Provided material:
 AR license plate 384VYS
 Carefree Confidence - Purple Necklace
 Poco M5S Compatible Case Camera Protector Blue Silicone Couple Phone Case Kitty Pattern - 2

Work instructions: A faithful copy of the whole listing is needed.

Your response:
 AR license plate 384VYS
 Carefree Confidence - Purple Necklace
 Poco M5S Compatible Case Camera Protector Blue Silicone Couple Phone Case Kitty Pattern - 2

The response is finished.